Guillermo Del Toro è sempre stato affascinato dal mondo dei mostri. I suoi film son stati abitati nel corso degli anni da goblin, demoni, elfi, fauni, creature acquatiche, ma laddove altri registi preferiscono approcciarli come entità disturbanti da eliminare per mantenere la quiete, Del Toro vede qualcuno degno di amore e di rispetto. Ha reso l’arte di conoscere e capire anche quello che, fin dall’infanzia, ci viene insegnato a temere, il fulcro del suo cinema. Se si pensa ad esempio a La forma dell’acqua (2017), la creatura anfibia interpretata da Doug Jones viene vista dalla protagonista come l’unica via di scampo dalla solitudine che vive ogni giorno. I mostri di Del Toro sono fonte di speranza e per questo non stupisce che Nightmare Alley, il suo primo film completamente umano, sia il più disperato e angosciante.
Adattamento dell’omonimo romanzo del 1946 di William Lindsay Gresham (già portato sul grande schermo da Edmund Goulding nel 1947), Nightmare Alley segue Stanton Carlise (Bradley Cooper), un uomo dal passato misterioso che si presenta al circo gestito da Clem Hoatley (Willem Dafoe) con solo una borsa e una radio. Riesce grazie al suo grande charme a capire i meccanismi della compagnia e a conquistare i favori della psichica Zeena (Toni Colette). Grazie all’aiuto di Pete (David Strathairn), un uomo buono ma spaventato dallo spiritismo che lui stesso un tempo praticava, Stanton impara le basi del mentalismo e inizia lentamente a ritagliarsi uno spazio all’interno della compagnia, promettendo a Molly (Rooney Mara), la donna elettrica del circo, che la porterà lontano, dove saranno liberi di fare un numero tutto loro. Il film allora compie un improvviso salto di due anni, trasportando il pubblico in un futuro in cui l’uomo ha trovato il successo e scoperto l’arte della truffa anche grazie all’aiuto dell’affascinante psicologa Dr. Lilith Ritter (Cate Blanchett).
Nightmare Alley, basandosi sulla dicotomia di “Man or Beast?”, esplicitata in modo quasi didascalico da Clem Hoatley, sembra un tentativo da parte di Del Toro di capovolgere il cuore del suo cinema, per dimostrare che gli uomini son sempre stati i veri mostri della sua produzione.

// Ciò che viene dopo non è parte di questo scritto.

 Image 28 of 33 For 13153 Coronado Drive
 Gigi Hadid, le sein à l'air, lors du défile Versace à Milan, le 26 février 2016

La storia di Gresham è il terreno perfetto per una simile analisi, ma l’eccessiva fedeltà con cui lo stesso Kim Morgan e Del Toro approcciano il testo mescolata con un’atmosfera che strizza l’occhio al cinema noir degli anni ’40 (in cui è ambientata la pellicola) porta il regista, soprattutto nel secondo atto, in terreni che per natura non gli appartengono e che lo spingono a spargere indizi che potrebbero indicare percorsi narrativi molto più interessanti e ispirati, ma che finiscono per scontrarsi con una risoluzione affrettata e improvvisa.
Il problema più grande di Nightmare Alley è tuttavia riconducibile a due spiacevoli scelte di casting. Bradley Cooper risulta solo a tratti credibile nei panni di Stanton Carlise, essendo troppo rigido e spento per seguire la sua evoluzione soprattutto nella seconda parte del film. A Rooney Mara viene concesso uno spazio più ampio rispetto alla Molly nel film di Goulding, ma non le viene dato comunque sufficiente materiale, costringendola per la maggior parte del tempo a guardare le azioni di Carlise con occhi pietrificati. Cate Blanchett, al contrario, trova in Nightmare Alley il suo habitat naturale: con voce vellutata, movimenti lenti e ipnotici, pare provenire dal passato, dall’età d’oro di Hollywood, per condurre Stanton Carlise verso i suoi personali inferi.